Doch plötzlich war er weg, der Frühstücksbeauftragte. Dabei hatten wir uns so an seine Beiträge gewöhnt, an die scharfe Knoblauchwurst, den ätzenden Handkäs und an seine radikalen Versuche, auch beim Frühstück mit deutschen Gewohnheiten zu brechen: Honigmelonen mit Nutella, garniert mit – Respekt! – vielen Bountys. Die Ausgaben liefen wie geschmiert.

Seit Wochen versuchen wir nun, die Zeit zu überbrücken, bis der Kollege wieder kommt. Bis zum nächsten Frühjahr schmiert er nämlich seine Brötchen allein, wimmelt lästige Anrufe ab und widmet sich nun ausschließlich seinem akademischen Leben.
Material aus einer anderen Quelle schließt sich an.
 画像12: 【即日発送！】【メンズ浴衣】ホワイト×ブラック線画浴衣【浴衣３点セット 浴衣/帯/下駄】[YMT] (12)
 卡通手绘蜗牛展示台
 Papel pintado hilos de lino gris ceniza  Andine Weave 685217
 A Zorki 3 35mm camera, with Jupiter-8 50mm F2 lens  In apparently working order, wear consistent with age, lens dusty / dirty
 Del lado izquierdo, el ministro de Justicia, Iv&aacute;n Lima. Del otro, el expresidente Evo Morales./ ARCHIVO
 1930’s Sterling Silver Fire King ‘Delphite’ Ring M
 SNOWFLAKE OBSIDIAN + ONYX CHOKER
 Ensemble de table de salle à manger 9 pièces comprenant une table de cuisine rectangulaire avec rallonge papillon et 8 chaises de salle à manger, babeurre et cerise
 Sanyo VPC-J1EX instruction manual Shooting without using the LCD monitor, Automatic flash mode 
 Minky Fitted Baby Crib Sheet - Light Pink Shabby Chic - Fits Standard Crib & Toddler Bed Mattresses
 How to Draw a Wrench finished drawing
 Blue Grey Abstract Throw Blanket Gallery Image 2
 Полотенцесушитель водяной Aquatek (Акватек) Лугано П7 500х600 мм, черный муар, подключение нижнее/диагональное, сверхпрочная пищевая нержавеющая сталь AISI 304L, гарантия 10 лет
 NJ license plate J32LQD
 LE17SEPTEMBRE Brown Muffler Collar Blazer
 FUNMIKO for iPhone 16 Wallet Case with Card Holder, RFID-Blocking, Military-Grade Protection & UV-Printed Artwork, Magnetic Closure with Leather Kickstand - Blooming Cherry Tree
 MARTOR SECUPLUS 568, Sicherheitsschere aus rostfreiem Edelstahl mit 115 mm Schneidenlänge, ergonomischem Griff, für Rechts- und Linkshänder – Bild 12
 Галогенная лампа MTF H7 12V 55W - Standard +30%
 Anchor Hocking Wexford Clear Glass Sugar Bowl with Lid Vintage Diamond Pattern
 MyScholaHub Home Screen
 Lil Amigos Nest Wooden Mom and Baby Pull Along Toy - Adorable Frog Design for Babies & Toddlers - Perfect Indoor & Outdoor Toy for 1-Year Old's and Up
So helfen wird uns eben, so gut es geht. Seitdem versuchen alle irgendwie, innovative Beiträge zu liefern, ohne dabei an die Folgen zu denken. Einige lassen sich Schnauzbärte wachsen oder nehmen jetzt die Treppen statt des Fahrstuhls, um völlig abgehetzt auf den Sitzungen zu erscheinen. Andere schreiben ihre Artikel erst nach Redaktionsschluss, manche beginnen gleichzeitig in allen Ressorts zu arbeiten, und fast wöchentlich bilden sich neue Teams, um endlich die wirklich brisanten Themen anzugehen.

Die Innovation ist noch längst nicht abgeschlossen, wichtige Änderungen stehen noch bevor. Bis zum nächsten Frühjahr wird keine Seite wie die andere sein. Und dennoch: Manche Lücke ist einfach nicht zu schließen.